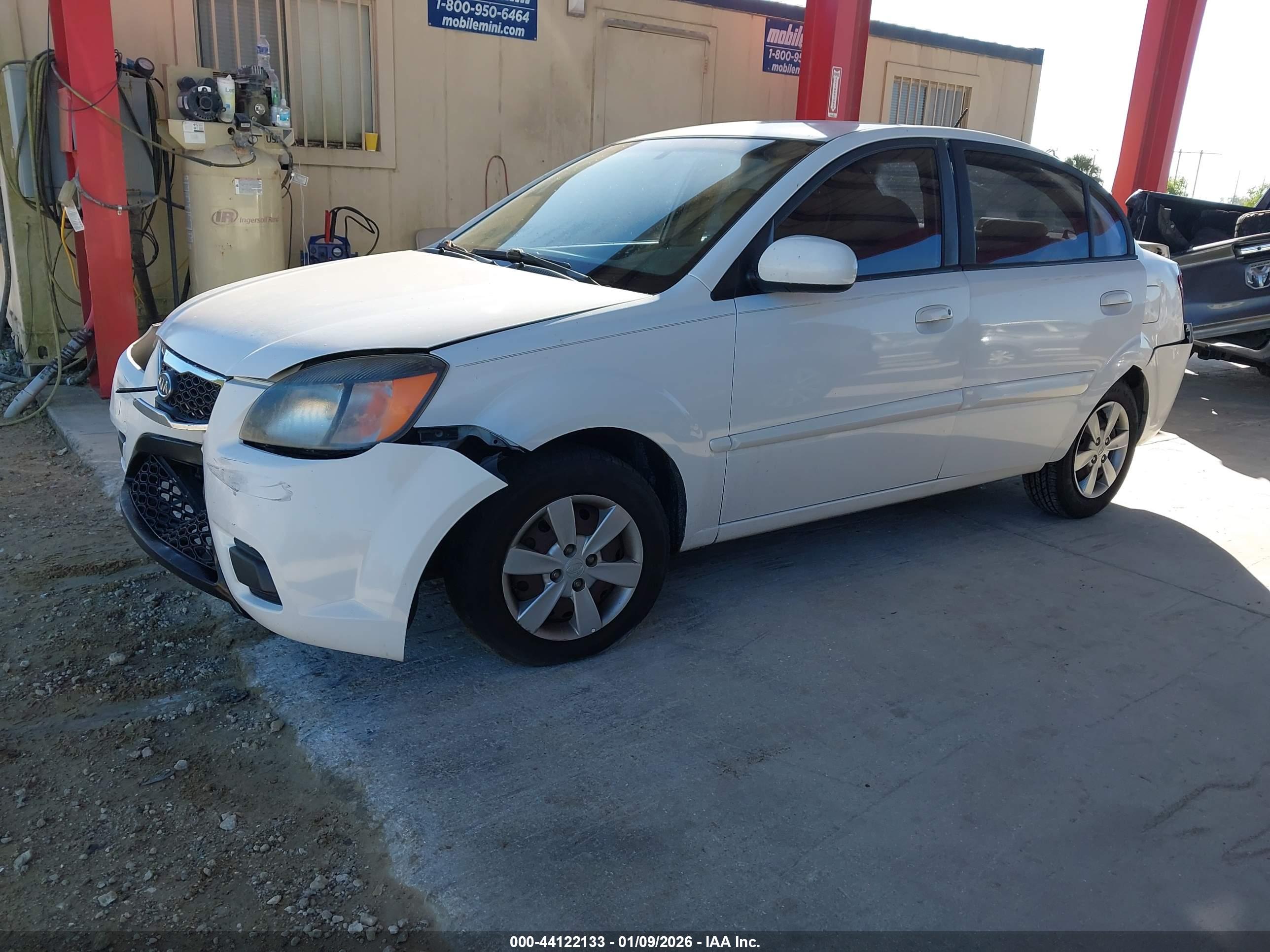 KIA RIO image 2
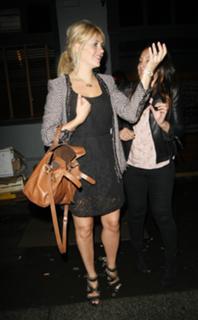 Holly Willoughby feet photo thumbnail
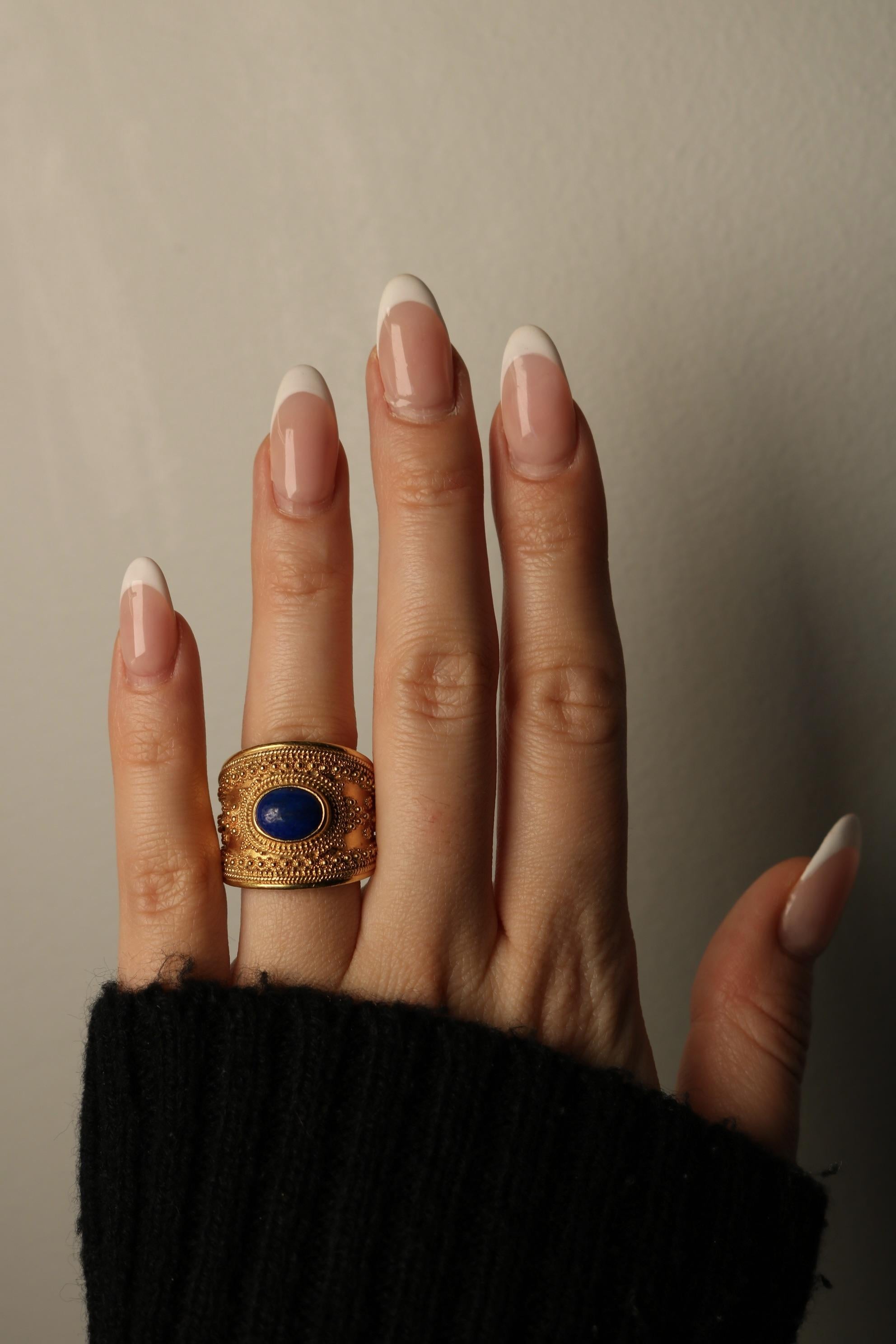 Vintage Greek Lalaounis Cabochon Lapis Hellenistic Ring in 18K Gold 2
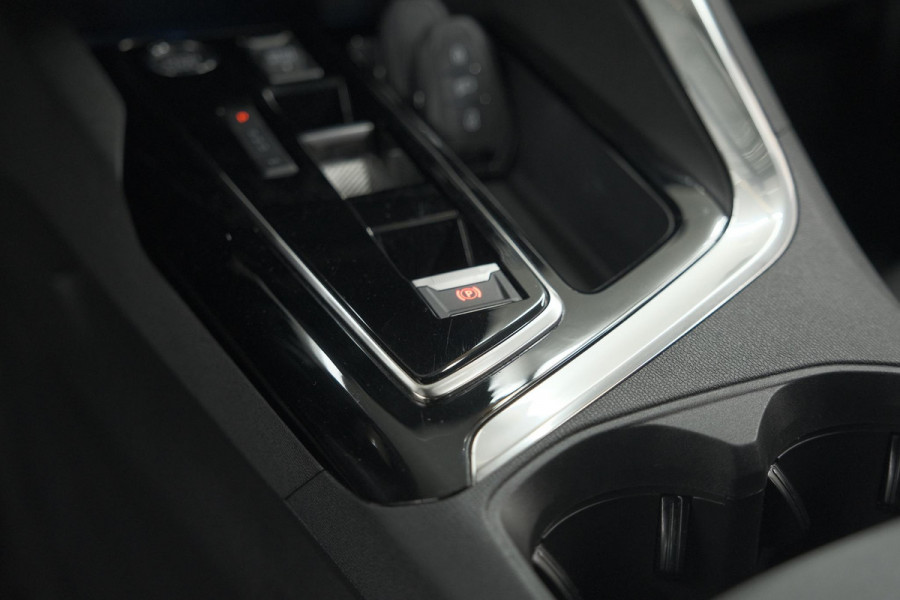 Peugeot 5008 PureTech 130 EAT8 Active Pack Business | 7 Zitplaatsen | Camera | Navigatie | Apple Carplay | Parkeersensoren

==

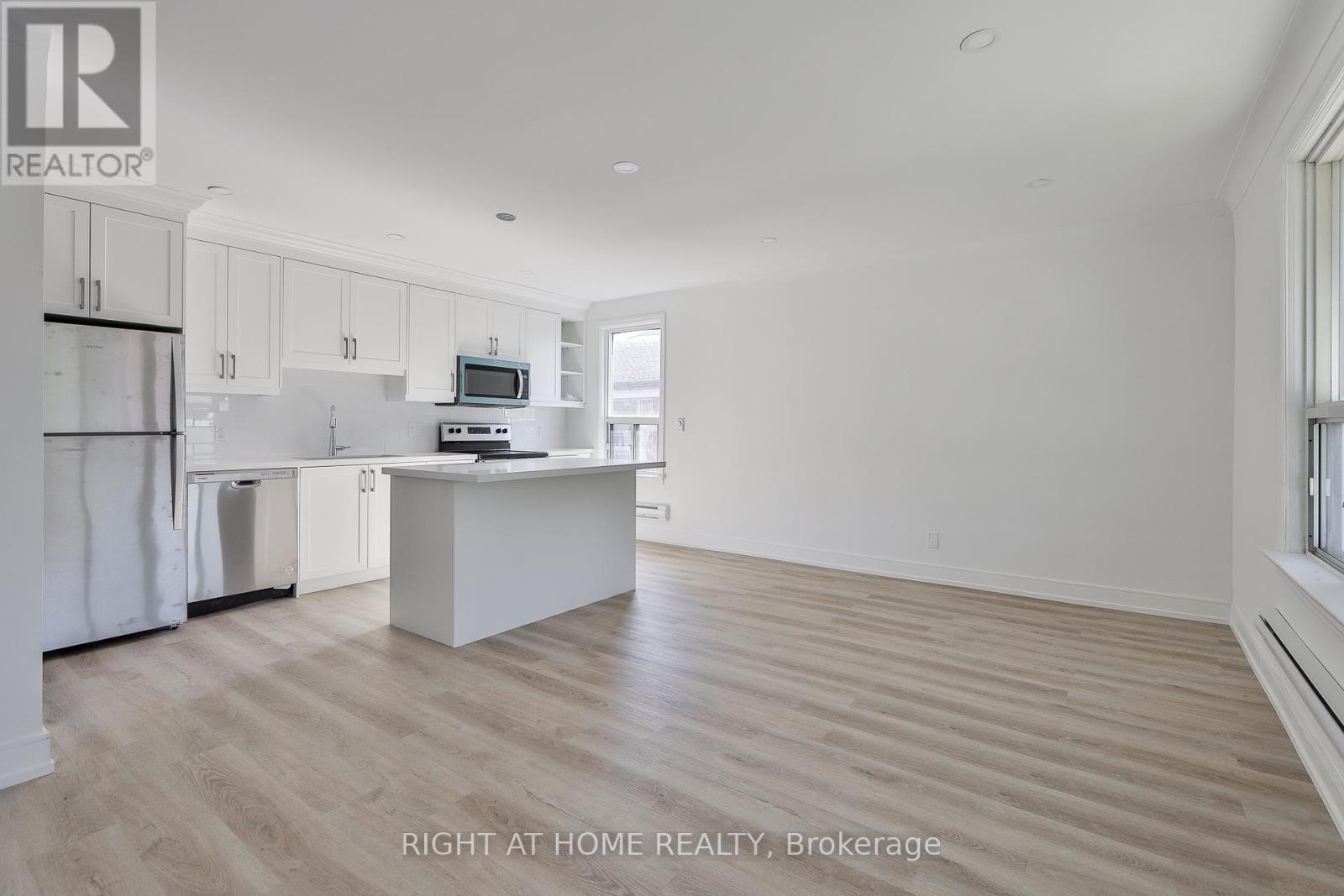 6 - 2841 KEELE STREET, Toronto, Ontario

---

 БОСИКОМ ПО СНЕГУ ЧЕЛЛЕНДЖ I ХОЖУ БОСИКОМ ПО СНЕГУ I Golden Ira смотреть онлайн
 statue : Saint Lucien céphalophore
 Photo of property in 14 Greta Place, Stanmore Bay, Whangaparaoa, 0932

» **Exercise details**
Exactly the lines starting at the one above with "Holly Willoughby feet photo thumbnail" and ending at the one with "Peugeot 5008 PureTech" should be printed, and nothing else. Omit the pictures.

» **Task output**
 Holly Willoughby feet photo thumbnail
 Vintage Greek Lalaounis Cabochon Lapis Hellenistic Ring in 18K Gold 2
 Peugeot 5008 PureTech 130 EAT8 Active Pack Business | 7 Zitplaatsen | Camera | Navigatie | Apple Carplay | Parkeersensoren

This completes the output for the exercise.